Knight’s chair-tossing snit nearing 20th anniversary

? Those closest to Steve Reid know him as president of a trucking company, a former teammate and a dad.

Some even remember him as a color commentator on Purdue basketball broadcasts.

However, most others know Reid as the answer to a trivia question.

For 20 years, his life has been defined by one enduring image — Bob Knight hurling a red, plastic chair across the basketball court as the 5-foot-9 Reid stood at the free-throw line for Purdue.

“There are times I walk into a meeting or a friend calls to say, ‘I saw you on TV last night,”‘ he said. “I know what they’re talking about.”

Like other famous trivia answers, Wally Pipp, Mookie Wilson and Al Downing, Reid’s name forever will be linked to the question: “Who was the guy?”

The chair toss also remains a defining moment in the Indiana-Purdue rivalry. The teams will meet again today, one day short of the 20th anniversary of Knight’s throw.

Purdue coach Gene Keady is the last remaining major link to the outburst, and he will be coaching his final game at Assembly Hall.

Two decades ago, Keady walked into the postgame news conference after a 72-63 victory and insisted the important thing was that Purdue won.

He was wrong.

In Reid’s mind, the red speck he noticed out of the corner of his eye never faded. Nor did the ensuing collapse — he missed three of six free throws as Knight was tossed from the game and promptly was scolded on the sideline by Keady.

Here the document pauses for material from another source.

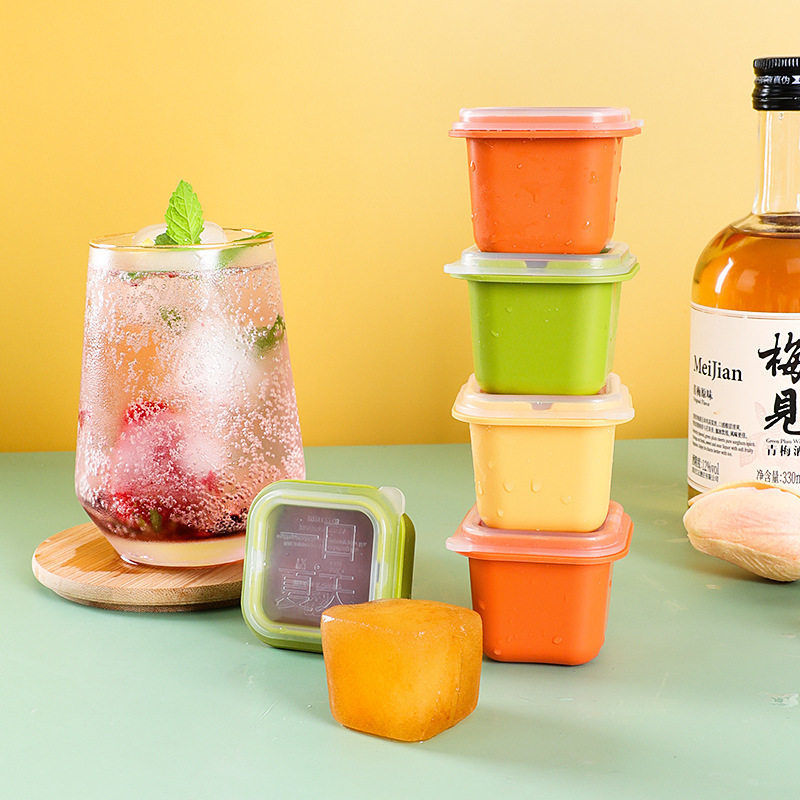 Household Summer Ice Cube Mold, Square Ice Tray, Quick-Freezing, Easy to Demold, with Lid, Ice Maker Storage Household Summer Ice Cube Mold, Square Ice Tray, Quick-Freezing, Easy to Demold, with Lid, Ice Maker Storage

Knight, fired by Indiana in 2000, didn’t return phone messages left for him by the Associated Press at Texas Tech, where he now coaches.

He has coped with it, though, by poking fun at himself over the years. During speeches, Knight sometimes recounts a tale of spotting an old woman behind the basket who needed a chair, so he tossed one to her.

In 2002 at a news conference, Knight found another way to joke about it after tossing aside a broken metal chair.

“That’s the furthest I’ve thrown a chair in a long time,” he said.

To Iowa coach Steve Alford, who then was playing for Knight, the chair throwing was symbolic of a season gone awry. Indiana went 16-13 that year and lost to UCLA in the NIT championship, far below the lofty expectations of a coach who by then had won two NCAA titles and the 1984 Olympic gold medal.

“It was not one of our better years, whether it was throwing a chair or not playing well as a team or whatever,” Alford said. “It was a technical foul, and we moved on.”

For Purdue players, it wasn’t that simple. Assembly Hall quickly degenerated from a hostile environment into a dangerous one.

Several Boilermakers still recall the standing ovation Knight received, and then the coin-tossing began. Keady’s wife was hit in the eye.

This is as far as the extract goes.